Evaluation of DNA topoisomerase IIalpha expression provides independent prognostic information in non-Hodgkin's lymphomas.

作者信息

Korkolopoulou P, Angelopoulou M, Siakantari M, Mitropoulos F, Vassilakopoulos T, Zorzos H, Rassidakis G, Androulaki A, Patsouris E, Kittas C, Davaris P, Pangalis G A

机构信息

Department of Pathology, National and Kapodistrian University of Athens, Athens, Greece.

出版信息

Histopathology. 2001 Jan;38(1):45-53. doi: 10.1046/j.1365-2559.2001.01036.x.

Abstract

AIMS

In view of the dual role that DNA topoisomerase IIa (TopoIIa) plays as a cell proliferation marker and as a possible indicator of chemosensitivity, we investigated its expression in non-Hodgkin's lymphomas (NHL) in relation to conventional clinicopathological parameters, cell proliferation (as defined by Ki67 immunoreactivity), response to therapy and patient outcome.

METHODS AND RESULTS

Formalin-fixed paraffin-embedded tissues from 153 patients with NHL were immunohistochemically stained for TopoIIalpha. Patients were followed up until death (n = 63) or for an average of 68 months (median 64 months, n = 90). The percentage of TopoIIalpha positive cells (TopoIIalpha LI) increased with grade (P < 0.001), extranodal location (P = 0.05) and Ki67 LI (P = 0.01, r = 0.673).
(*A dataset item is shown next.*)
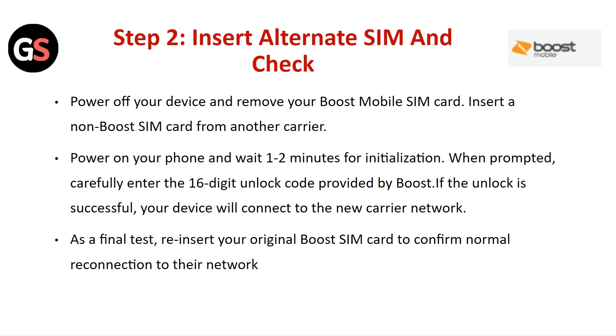As a final test, reinsert your original Boost SIM card to confirm normal reconnection to their network.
In most cases (58%), Ki67 LI exceeded TopoIIalpha LI (TopoIIalpha/Ki67 < 1), especially within the indolent group (P < 0.001). TopoIIalphaLI, Ki67LI and TopoIIalpha/Ki67 ratio were all adversely related to overall survival in univariate analysis, though their significance was not maintained after adjustment for grade. In multivariate analysis high TopoIIalpha/Ki67 ratio and high TopoIIalpha LI independently predicted shortened overall and post-relapse survival, respectively. Most importantly, low TopoIIalpha/Ki67 ratio was the only independent predictor of diminished disease-free survival. However, there was no relationship between TopoIIalpha expression and response.

CONCLUSIONS

Our results suggest that evaluation of TopoIIalpha expression and TopoIIalpha/Ki67 ratio as cell proliferation markers provides independent prognostic information in relation to post-relapse and overall survival. Furthermore, TopoIIalpha/Ki67 ratio appears to play a key role in the identification of patients prone to early relapse.

摘要

目的

鉴于DNA拓扑异构酶IIα(TopoIIa)作为细胞增殖标志物以及化疗敏感性潜在指标的双重作用,我们研究了其在非霍奇金淋巴瘤(NHL)中的表达,并将其与传统临床病理参数、细胞增殖(通过Ki67免疫反应性定义)、治疗反应和患者预后相关联。

方法与结果

对153例NHL患者的福尔马林固定石蜡包埋组织进行TopoIIα免疫组化染色。对患者进行随访直至死亡(n = 63)或平均随访68个月(中位数64个月,n = 90)。TopoIIα阳性细胞百分比(TopoIIα LI)随分级(P < 0.001)、结外部位(P = 0.05)和Ki67 LI(P = 0.01,r = 0.673)增加。在大多数病例(58%)中,Ki67 LI超过TopoIIα LI(TopoIIα/Ki67 < 1),尤其是在惰性组中(P < 0.001)。在单因素分析中,TopoIIα LI、Ki67 LI和TopoIIα/Ki67比值均与总生存期呈负相关,尽管在调整分级后其显著性未得到维持。在多因素分析中,高TopoIIα/Ki67比值和高TopoIIα LI分别独立预测总生存期缩短和复发后生存期缩短。最重要的是,低TopoIIα/Ki67比值是无病生存期缩短的唯一独立预测因素。然而,TopoIIα表达与反应之间无相关性。

结论

我们的结果表明,评估TopoIIα表达和TopoIIα/Ki67比值作为细胞增殖标志物可提供与复发后和总生存期相关的独立预后信息。此外,TopoIIα/Ki67比值似乎在识别易于早期复发的患者中起关键作用。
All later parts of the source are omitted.